Occorre dare atto ai nostri rappresentanti nelle istituzioni di avere saputo muoversi su questo doppio registro. A questo duplice impegno delle istituzioni politiche hanno risposto positivamente le istituzioni culturali del territorio e la stessa università di Trento, che, pur avendo una vocazione universalistica, si è spesso appassionata allo studio della realtà locale.
Ora occorre proseguire lungo questa strada, avendo presente due direttrici.
Il primo compito – direi, “costituzionale” – di ogni politica culturale è quello di valorizzare al massimo l'autonomia e la libertà della cultura senza le quali la cultura si spegne e muore. Veniamo da un secolo, quello ventesimo, in cui c'è stata una terribile invasione di campo da parte della politica che ha visto nella cultura uno strumento formidabile per la costruzione del consenso.
Anche la politica ha invece bisogno di una cultura libera. Anche ad esse è utile una sana dialettica, cioè un sano rapporto fatto di reciproco rispetto, di spirito critico e di responsabilità. Autonomia e responsabilità sono le parole chiave in particolare in questo momento in cui le risorse pubbliche diminuiscono e gravi responsabilità verso gli strati più deboli della società si impongono.

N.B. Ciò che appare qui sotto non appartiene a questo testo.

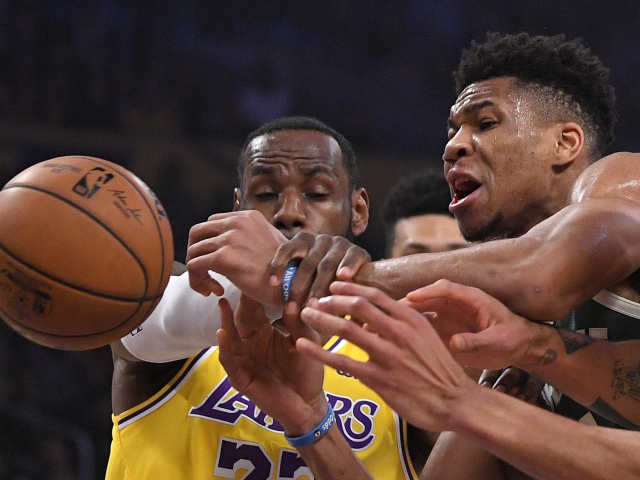 Bucks Lakers Basketball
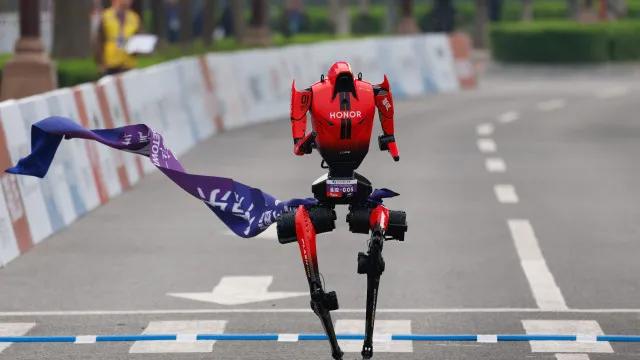 Robô humanoide vence meia-maratona em Pequim e supera recorde humano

Occorre poi, ed è questo il secondo compito, uscire dalla spirale del consumismo culturale: negli ultimi anni la cultura un tempo riservata a pochi ha coinvolto migliaia e migliaia di persone che hanno potuto godere di eventi artistici, di convegni, di studi, eccetera, come forse mai prima era accaduto. E’ questo un evento straordinario. E tuttavia in questo contesto il rischio è quello di creare momenti di fruizione culturale che si esauriscono nell’attimo in cui l’evento viene consumato, ma creano poco “accumulo” di conoscenza, cioè poca crescita culturale. Di qui il rischio di molto consumo, ma di poco sviluppo, di poca innovazione. Lo sviluppo ha bisogno di libertà e creatività da un lato e dall’altro del serio lavoro di approfondimento e maturazione senza il quale difficilmente si produce cultura. È per questo che i nostri investimenti debbano andare a favorire i momenti e i luoghi di accumulazione della conoscenza quali le biblioteche, gli archivi e tutti gli altri strumenti che da sempre hanno sorretto il lavoro di “coltivazione” dello spirito umano. Così contribuiremo a formare degli spiriti solidi, capaci di pensare con la propria testa e di guardare al futuro.